デザートリンクスは、オオヤマネコのような大きくたくましい頭部と、やや四角く発達した口元が大きな特徴です。
後ろ足が前足よりも少し長いため、歩く姿や跳躍する姿にしなやかで野生的な美しさが感じられます。
また、耳の先端に房毛がある個体や、前足や後ろ足の指の数が通常よりも多い多指の個体が比較的よく見られるのもこの品種ならではの個性です。
野生的なルックスとは裏腹に、驚くほど愛情豊かでフレンドリーな心を持っており、日常の生活において家族との深い結びつきを求めます。
寂しがり屋なところがあるため、毎日の暮らしの中でしっかりと声をかけ、一緒に遊ぶ時間を作ることが良好な関係の維持に繋がります。
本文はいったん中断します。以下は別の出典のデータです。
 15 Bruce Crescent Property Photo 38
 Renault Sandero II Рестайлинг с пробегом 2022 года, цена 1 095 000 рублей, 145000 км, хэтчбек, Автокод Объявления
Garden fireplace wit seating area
デザートリンクスの被毛は、野生のオオヤマネコを再現したかのような、非常にバラエティに富んだカラーパターンが存在します。
代表的な模様としては、ヒョウのような美しい斑点が入るスポットパターンが挙げられます。また、全体に明暗がはっきりとした帯のようなマーブル模様が入るパターンや、ティッキングという1本の毛に複数の色が帯状に入るパターンもあります。
毛質については手触りが良く、短毛から長毛まで個体によって異なる長さの被毛を楽しむことができます。
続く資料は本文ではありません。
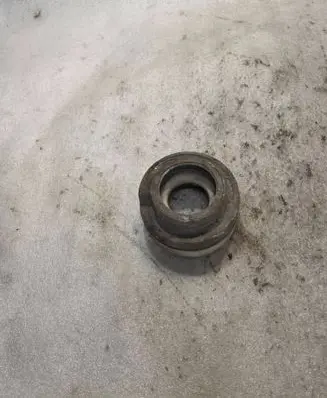 Audi A8 S8 D2 4D Rear coil spring rubber mount 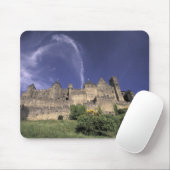 Tapis De Souris Europe, France, Languedoc; Aude; Carcassonne, (Avec souris)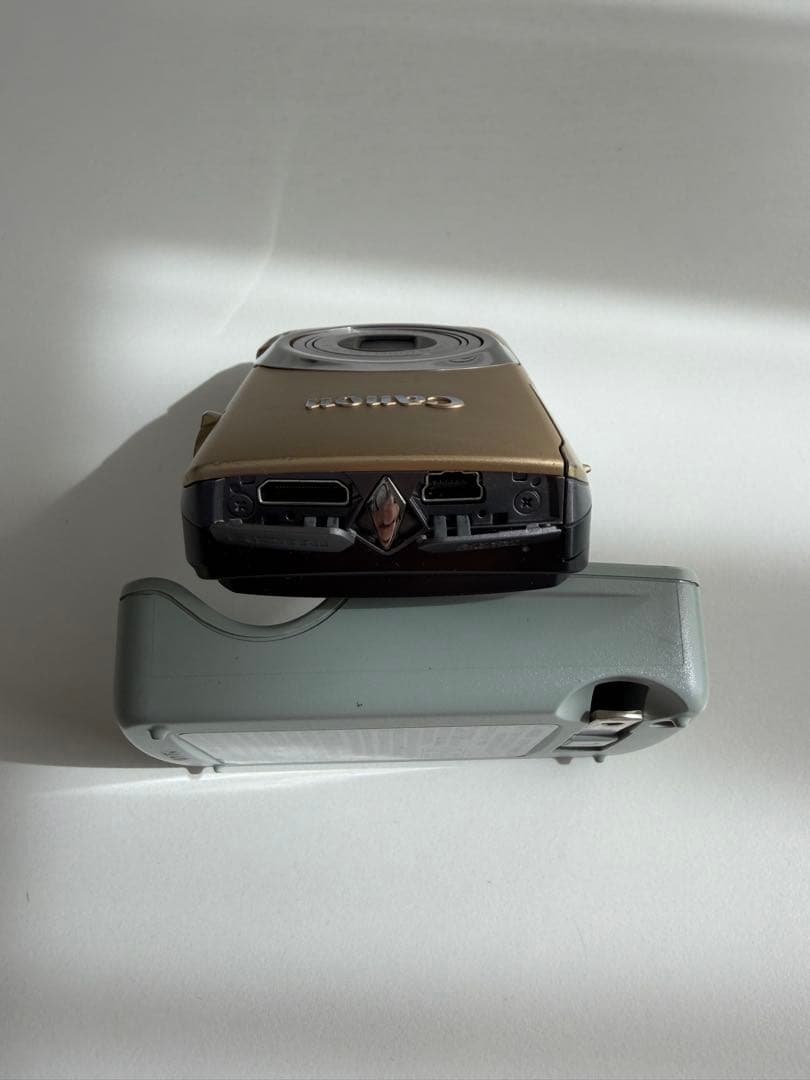 Canon IXY10S ゴールド デジタルカメラ キャノン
デザートリンクスは日本国内でのブリーディング例が極めて少なく、一般的なペットショップで見かけることはほぼありません。
そのため、購入を希望する場合は海外の専門ブリーダーから直接輸入する形が一般的となります。
生体価格の相場は海外で約15万円〜30万円程度ですが、日本への航空運送費や各種検疫手続き費用が別途発生します。総額では数十万円以上の予算が必要となることが多く、入手難易度が非常に高いと言えます。

デザートリンクスとの健やかな暮らしを実現するために、日々の生活で意識したい具体的な飼育ポイントを詳しく解説します。
筋肉質で運動能力が非常に高いため、室内でも十分に動き回れる環境が必要です。
キャットタワーなどを設置し、上下運動ができる高低差を作ってあげるとストレス解消に効果的です。おもちゃの追いかけっこなど、適度に体力を消費する遊びを毎日取り入れてあげてください。
短毛・長毛ともに、週に数回のブラッシングを行って抜け毛を丁寧に取り除き、皮膚の健康を維持します。
また、多指の個体の場合は、指の間に爪が挟まりやすく、通常よりも爪研ぎがうまくできないことがあります。
巻き爪になって皮膚を傷つけないよう、こまめに爪の長さをチェックし、定期的にカットしてあげることが重要です。
非常に寂しがり屋で家族と過ごす時間を大切にするため、長時間一人きりにされると強いストレスを感じることがあります。
留守番をさせる際は、退屈しないよう知育玩具を用意したり、帰宅後にたくさんスキンシップを取ったりして心のケアを心がけましょう。多頭飼いをすることで寂しさが和らぐケースもあります。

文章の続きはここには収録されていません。